BEGIN GIVEN INFORMATION

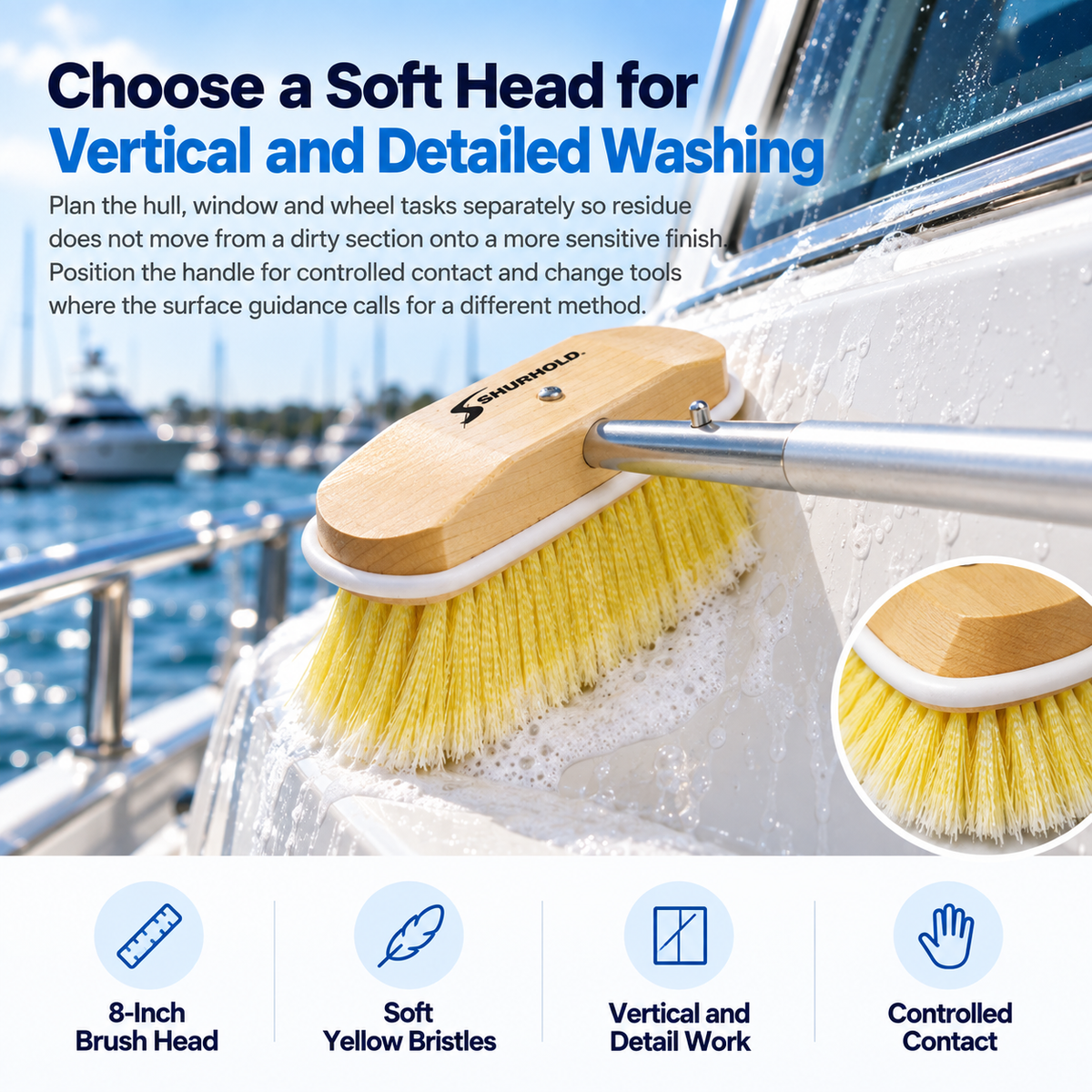 Shurhold 308 8-inch soft brush with yellow bristles and a wooden head washing a white boat surface below a cabin window.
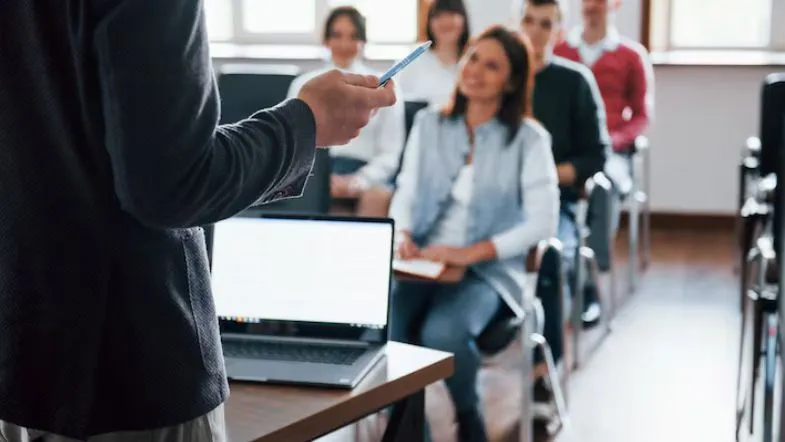 Como escolher a graduação certa: 7 passos para evitar frustrações 8 Professor ministra aula presencial para turma universitária em ambiente moderno e interativo.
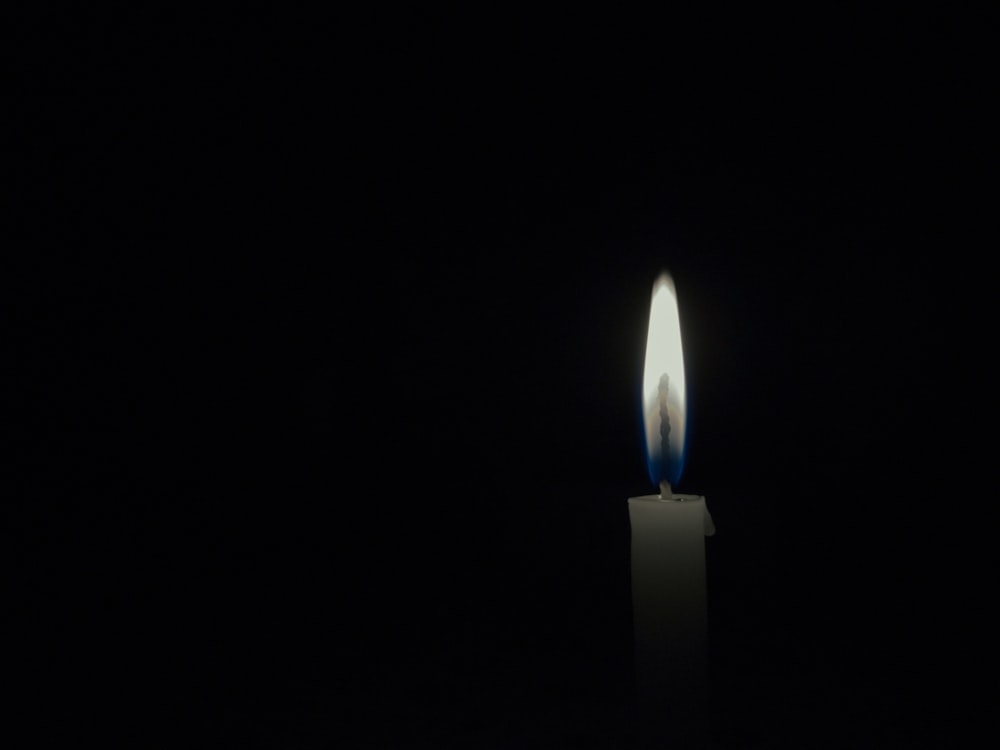 selective focus photo of lighted candle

END GIVEN INFORMATION

§ **YOUR GOAL**
Give the data again word for word, without pictures.

§ **SOLUTION FOR THIS EXERCISE**
 Shurhold 308 8-inch soft brush with yellow bristles and a wooden head washing a white boat surface below a cabin window.
 Como escolher a graduação certa: 7 passos para evitar frustrações 8 Professor ministra aula presencial para turma universitária em ambiente moderno e interativo.
 selective focus photo of lighted candle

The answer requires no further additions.